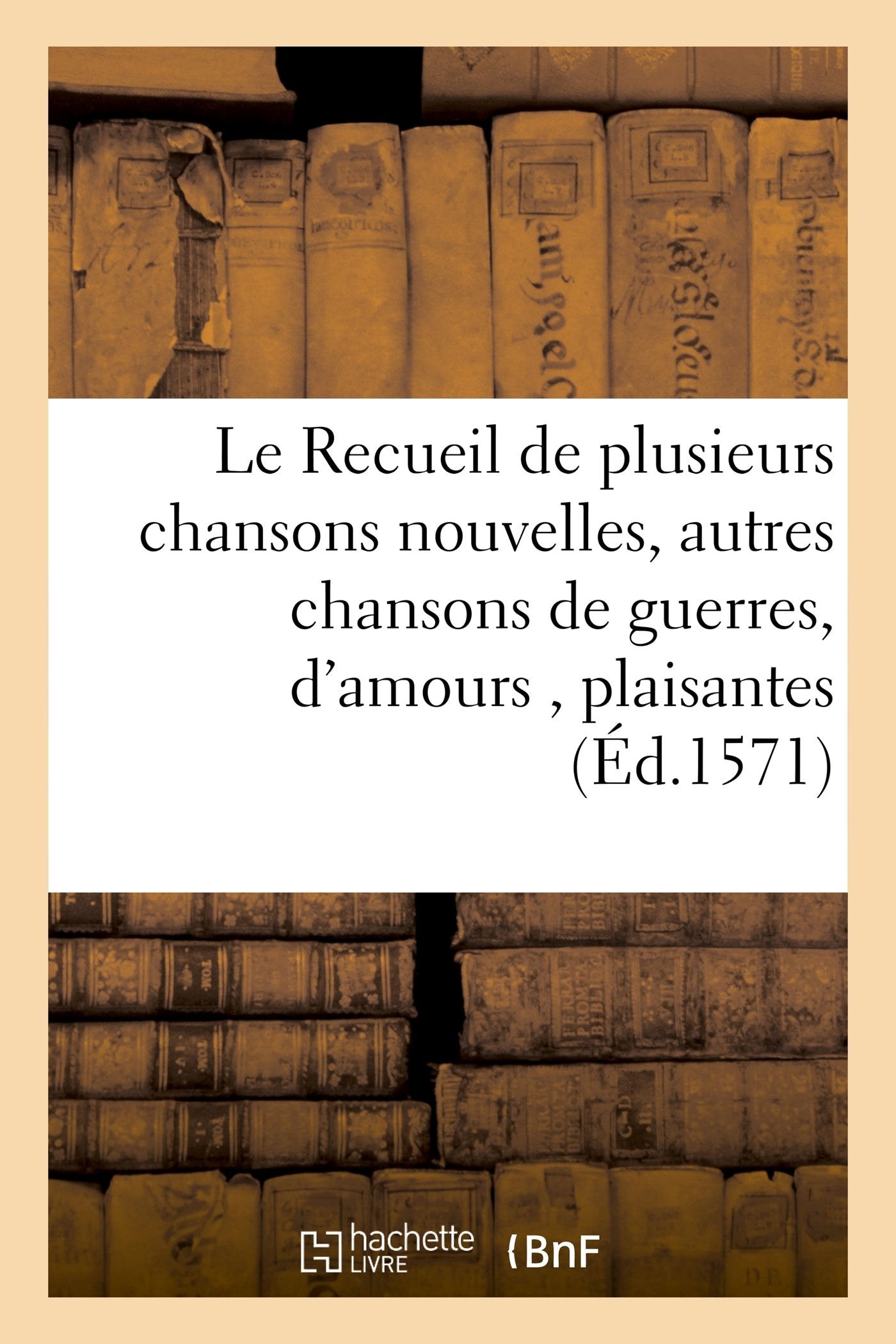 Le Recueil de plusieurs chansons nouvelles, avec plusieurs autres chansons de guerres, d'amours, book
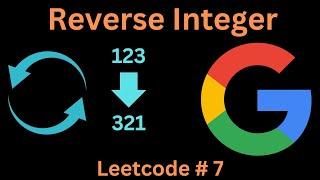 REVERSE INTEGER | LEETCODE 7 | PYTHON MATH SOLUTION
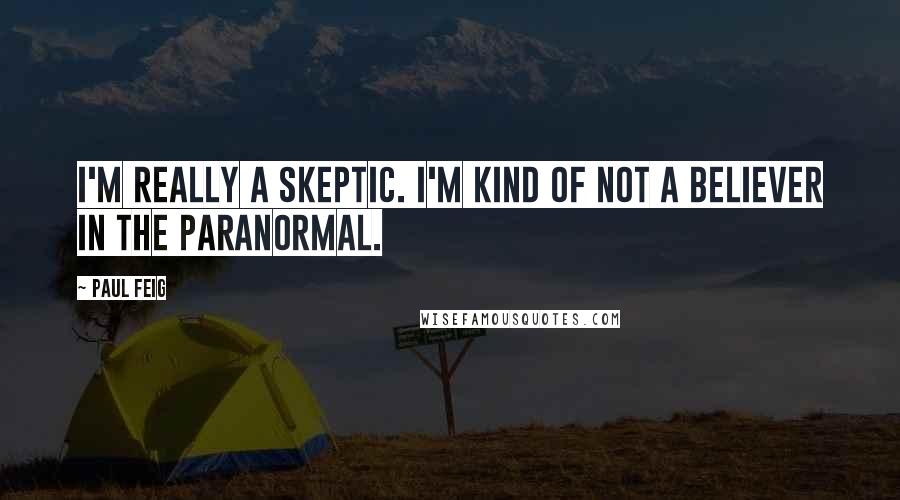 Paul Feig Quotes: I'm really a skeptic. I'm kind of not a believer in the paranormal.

[PROBLEM TO WORK ON] Print, exactly and only, the lines running from the line with "REVERSE INTEGER |" through the last line of the data, including both. Skip any picture.

[YOUR SOLUTION]
 REVERSE INTEGER | LEETCODE 7 | PYTHON MATH SOLUTION
 Paul Feig Quotes: I'm really a skeptic. I'm kind of not a believer in the paranormal.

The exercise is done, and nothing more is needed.